**DATA EXTRACT**
*-*-*
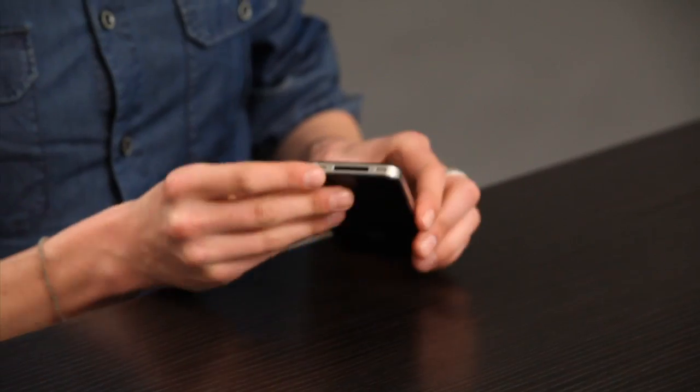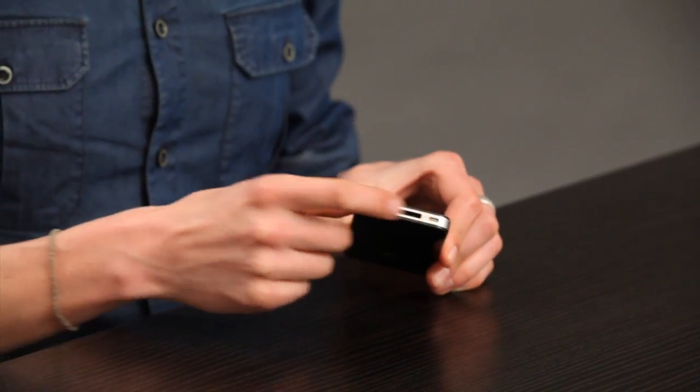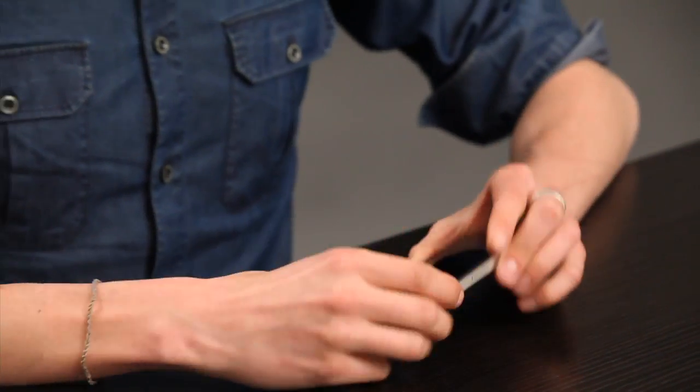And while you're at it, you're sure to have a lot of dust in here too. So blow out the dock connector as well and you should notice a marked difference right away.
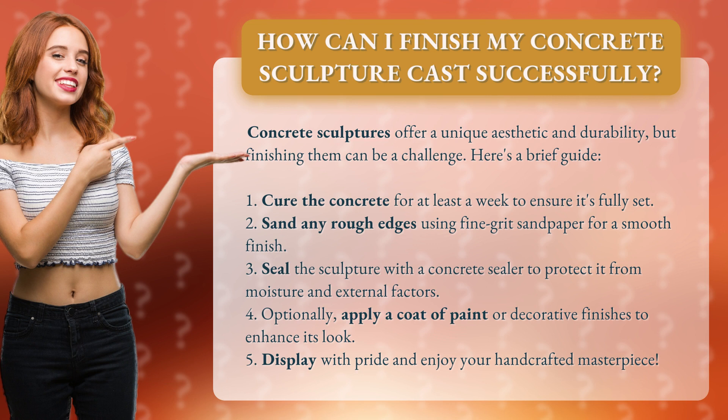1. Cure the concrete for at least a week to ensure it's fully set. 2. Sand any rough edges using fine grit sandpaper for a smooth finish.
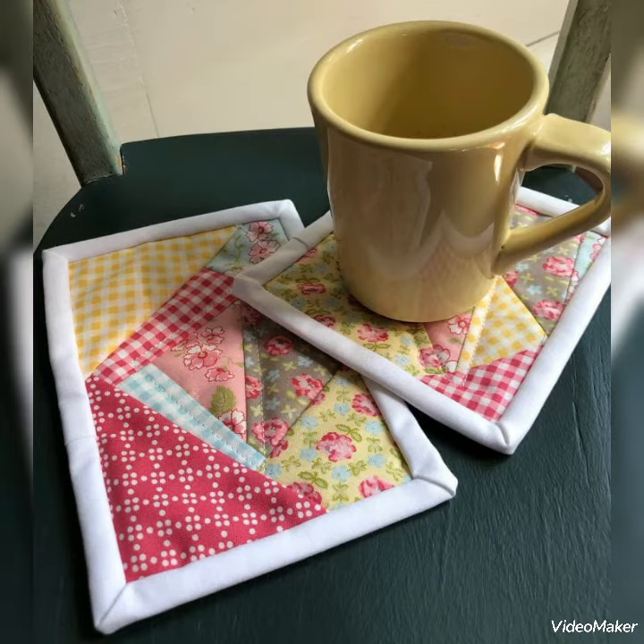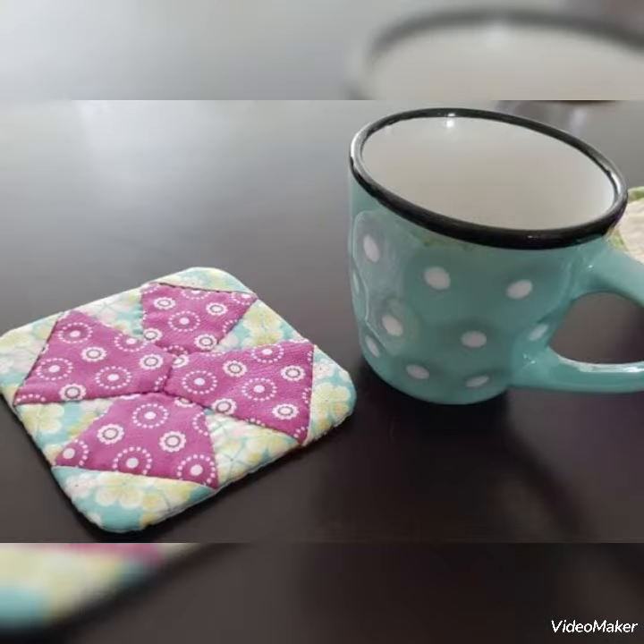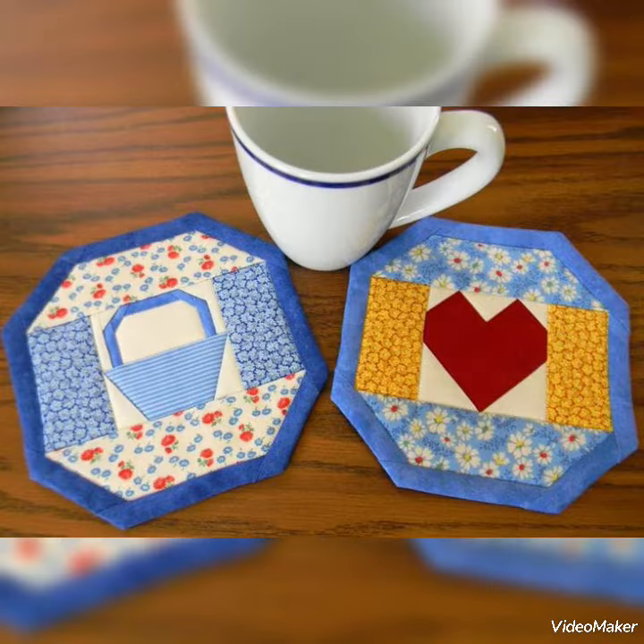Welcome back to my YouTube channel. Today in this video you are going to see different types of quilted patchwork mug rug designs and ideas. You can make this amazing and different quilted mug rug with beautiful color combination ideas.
*-*-*
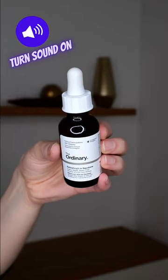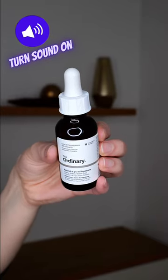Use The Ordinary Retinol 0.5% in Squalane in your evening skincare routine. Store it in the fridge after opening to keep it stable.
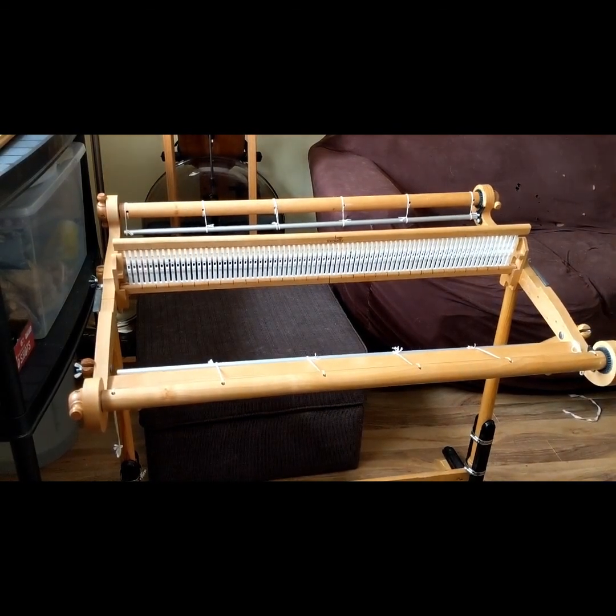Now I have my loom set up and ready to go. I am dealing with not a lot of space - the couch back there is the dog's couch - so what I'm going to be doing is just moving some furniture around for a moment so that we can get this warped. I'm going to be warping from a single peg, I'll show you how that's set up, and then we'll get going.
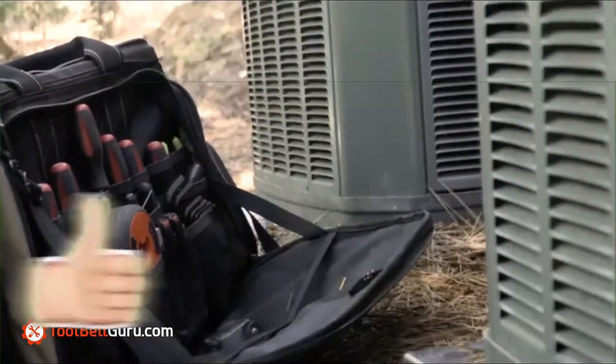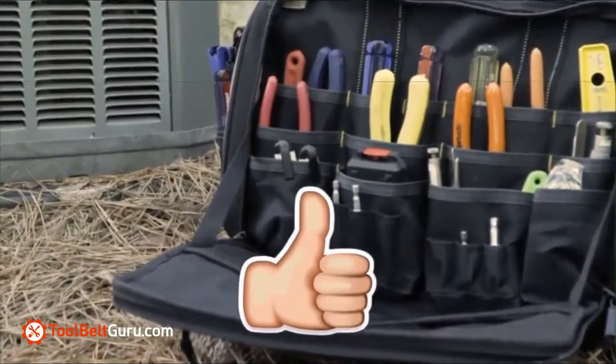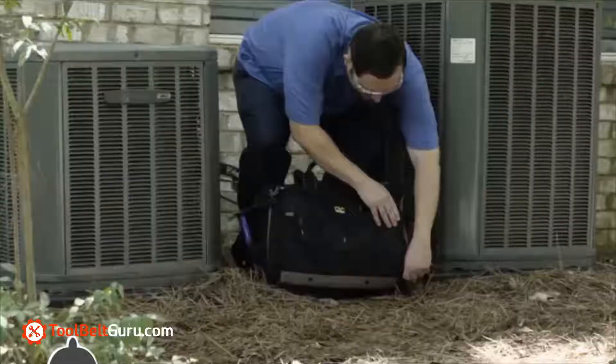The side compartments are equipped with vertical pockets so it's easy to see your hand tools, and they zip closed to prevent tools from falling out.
*-*-*
**PROBLEM REQUIREMENTS**
Only one stretch of the data is wanted: write out exactly the lines from the one holding "Use The Ordinary" through the one holding "The side compartments", both included, without the pictures.

**REPLY TO THE EXERCISE**
Use The Ordinary Retinol 0.5% in Squalane in your evening skincare routine. Store it in the fridge after opening to keep it stable.
Now I have my loom set up and ready to go. I am dealing with not a lot of space - the couch back there is the dog's couch - so what I'm going to be doing is just moving some furniture around for a moment so that we can get this warped. I'm going to be warping from a single peg, I'll show you how that's set up, and then we'll get going.
The side compartments are equipped with vertical pockets so it's easy to see your hand tools, and they zip closed to prevent tools from falling out.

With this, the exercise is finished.